YOUR INSTRUCTIONS: From the line containing "Ghirlande e barre" to the last line of the records below, transcribe everything exactly, pictures excluded.
DATA RECORDS section start
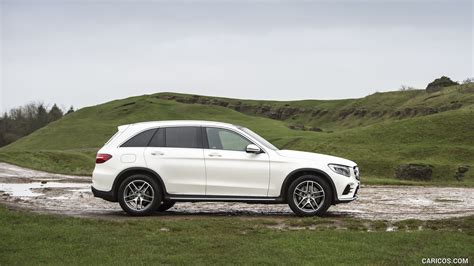 2016 Mercedes Benz GLC 250d 4MATIC AMG Line UK Spec Side Caricos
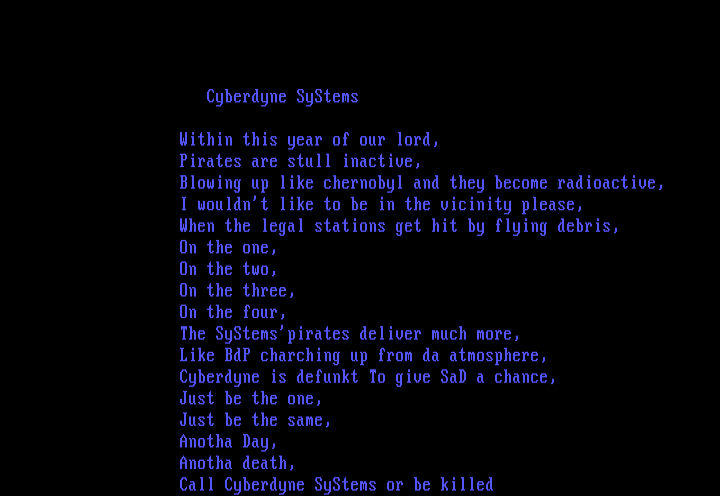 Cyberdyne SyStems by Coeffey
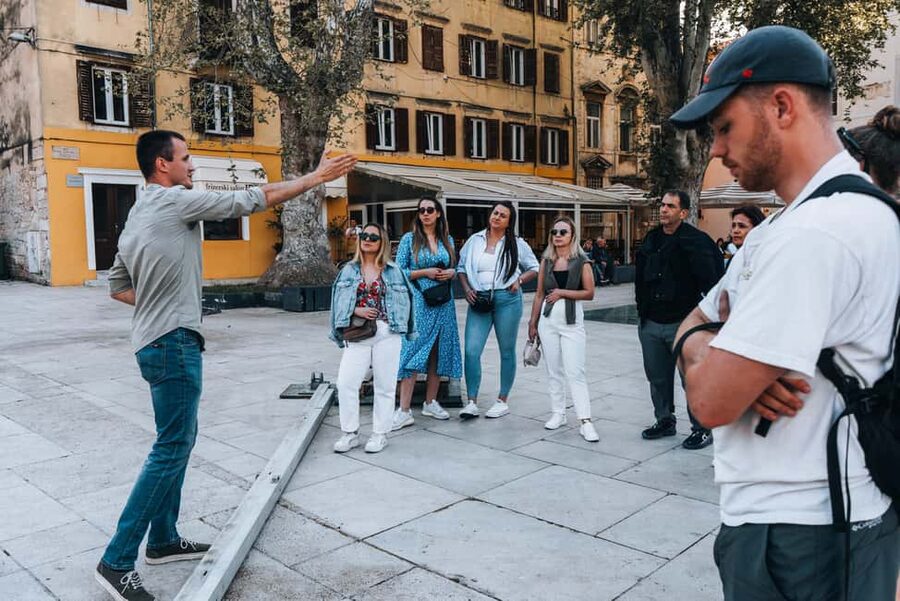 Zadar: Old Town Walking Tour - The Roman Forum and the city’s ancient core
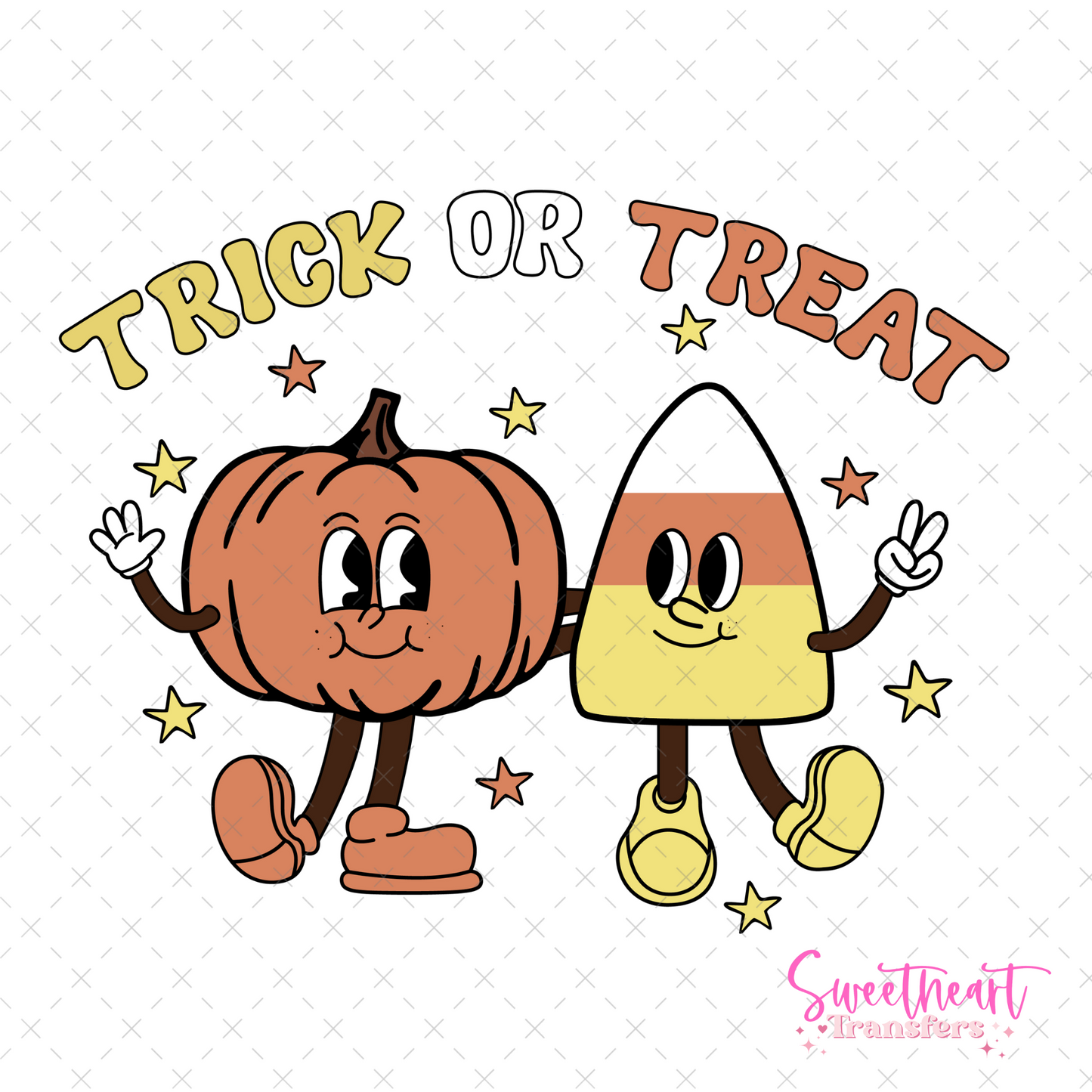 SUBLIMATION Trick or Treat
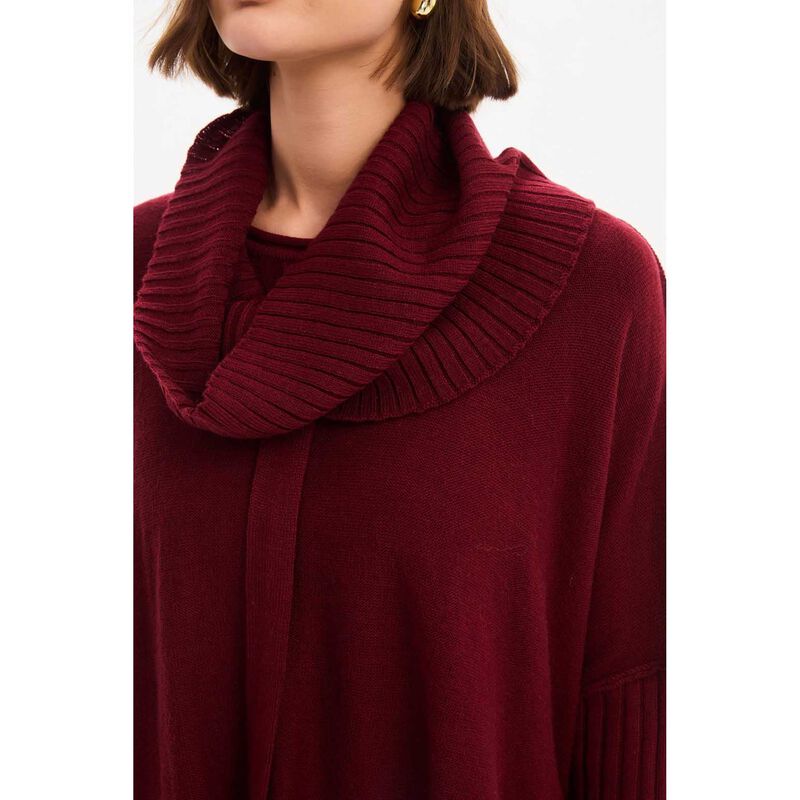 TIRELLI Boxy Rib Sleeve Knit image number 10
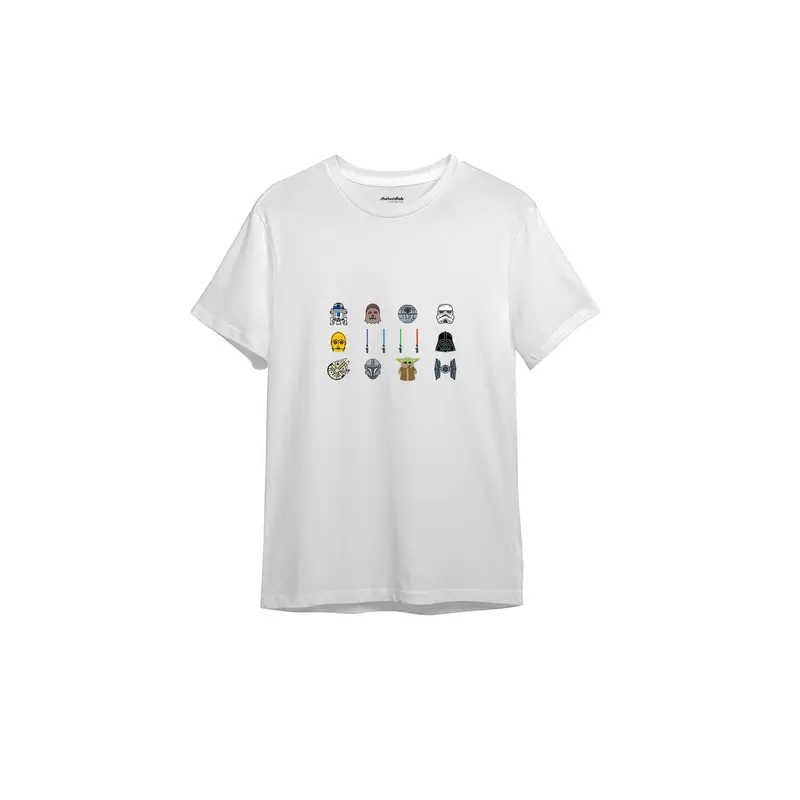 Star Wars Icons Tişört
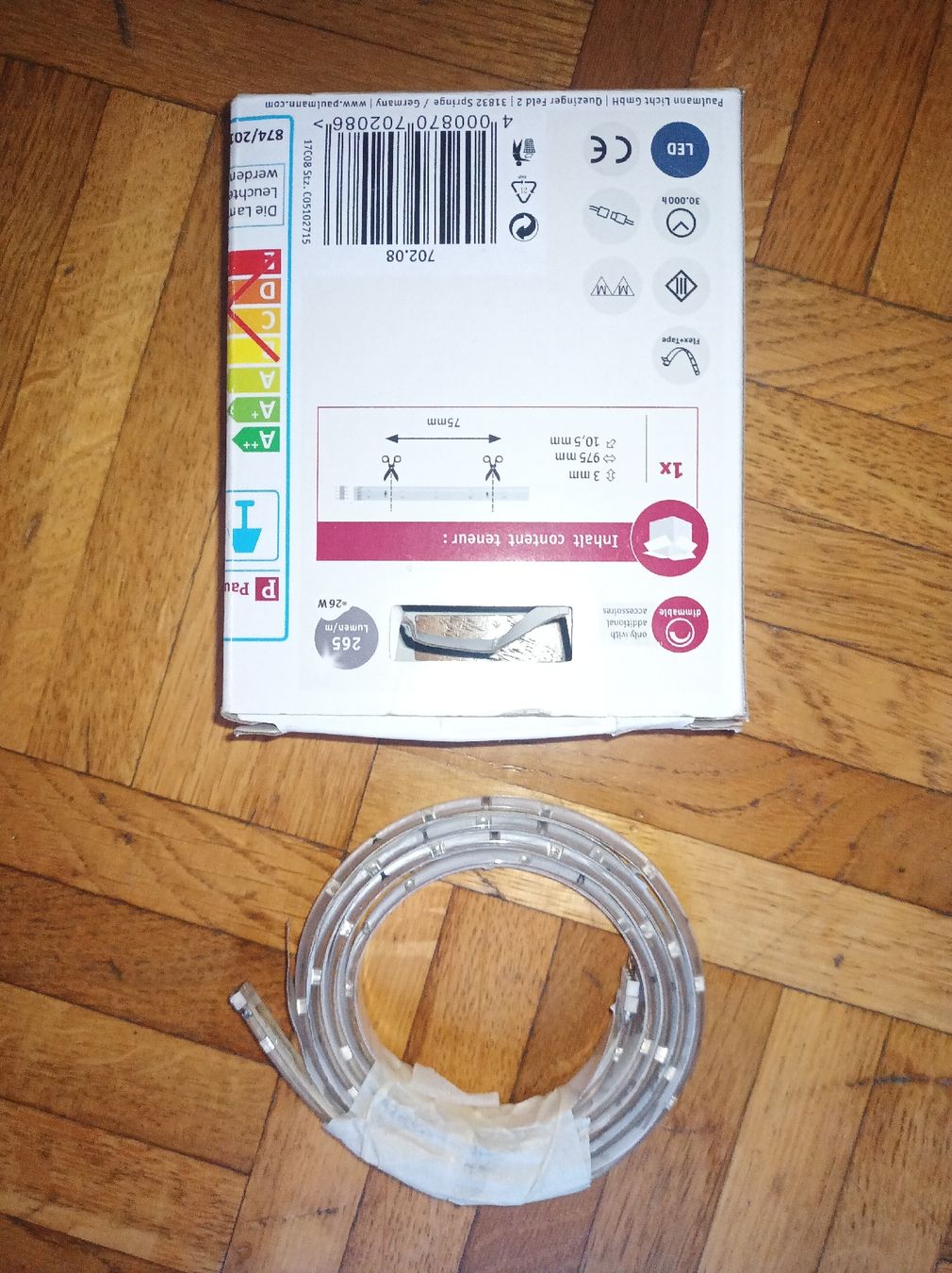 Ghirlande e barre luminose: LED Streifen Band 1m – Nuovo (secondo la descrizione) da Zürich venduto da manolo23 1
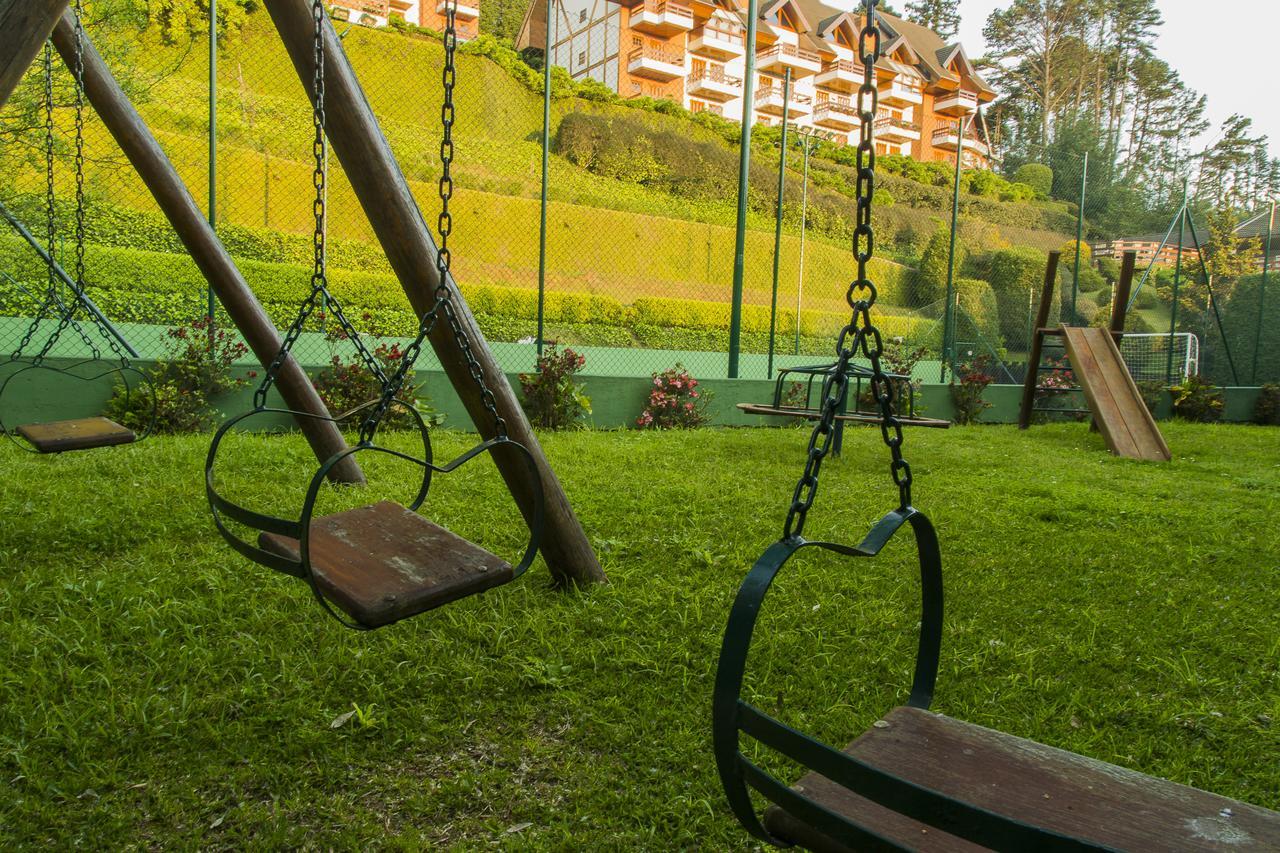 Apartamento Para Temporada No Alto Do Capivari Campos do Jordão Exteriér fotografie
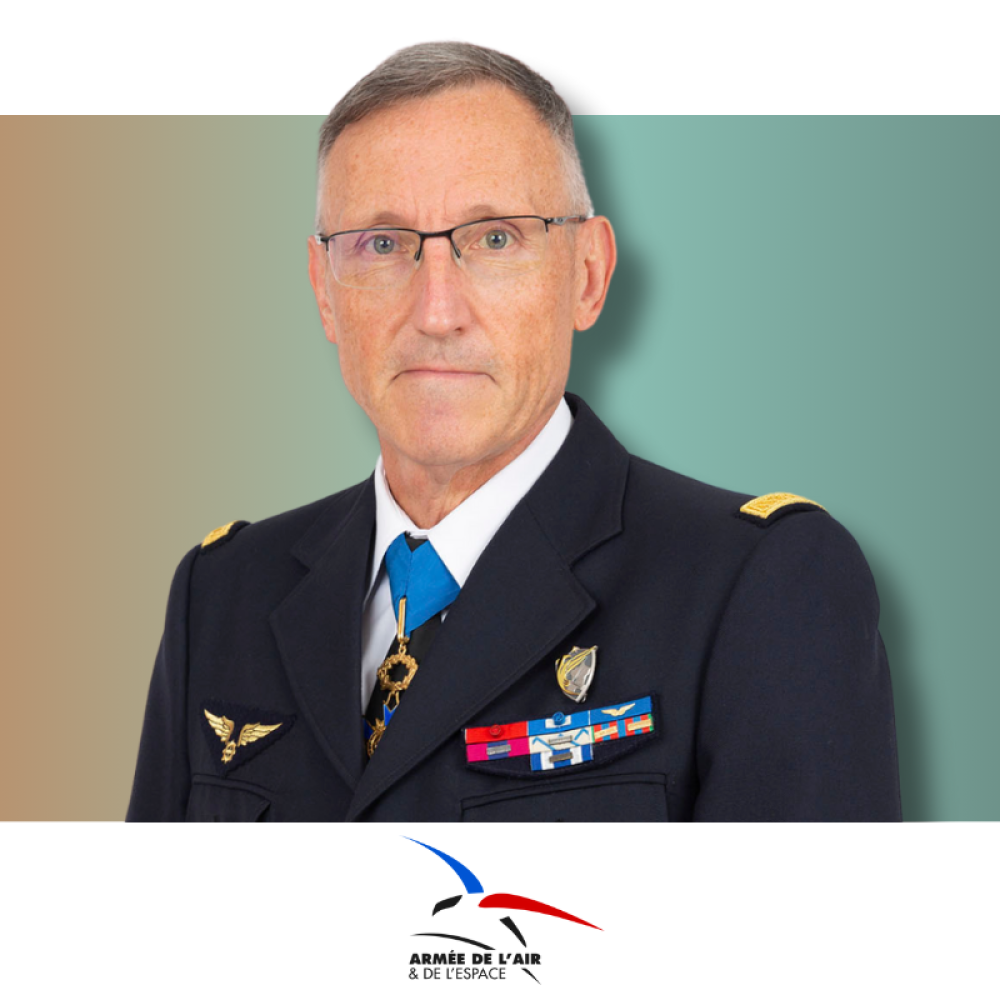 Major General (retired, Air Force) Michel ROUAT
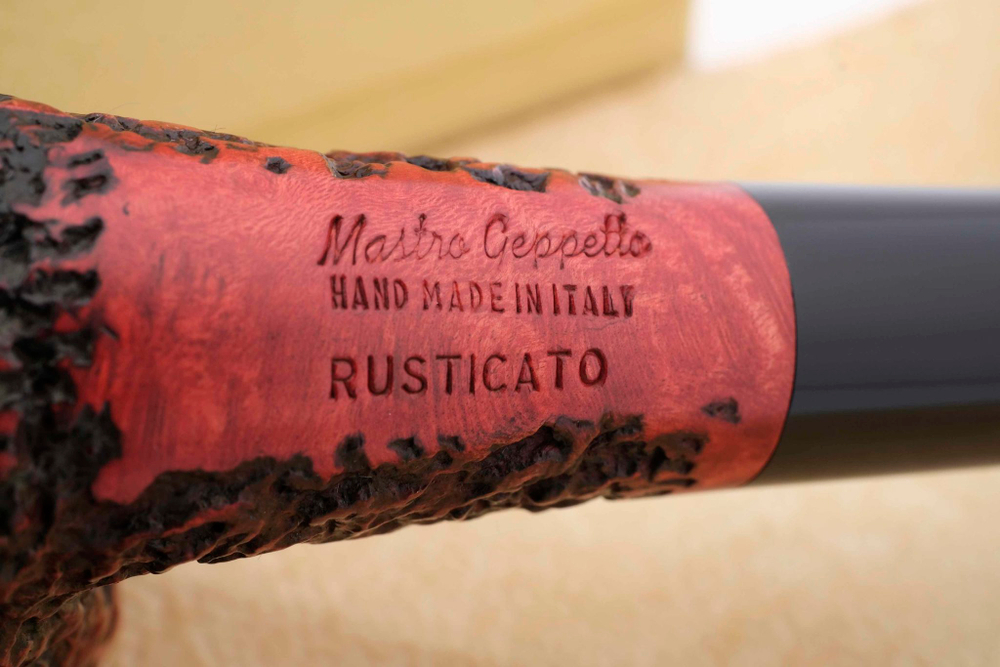 Курительная трубка Ser Jacopo Geppeto Churchwarden Rustic G801-4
DATA RECORDS section end
COMPLETED EXERCISE:
 Ghirlande e barre luminose: LED Streifen Band 1m – Nuovo (secondo la descrizione) da Zürich venduto da manolo23 1
 Apartamento Para Temporada No Alto Do Capivari Campos do Jordão Exteriér fotografie
 Major General (retired, Air Force) Michel ROUAT
 Курительная трубка Ser Jacopo Geppeto Churchwarden Rustic G801-4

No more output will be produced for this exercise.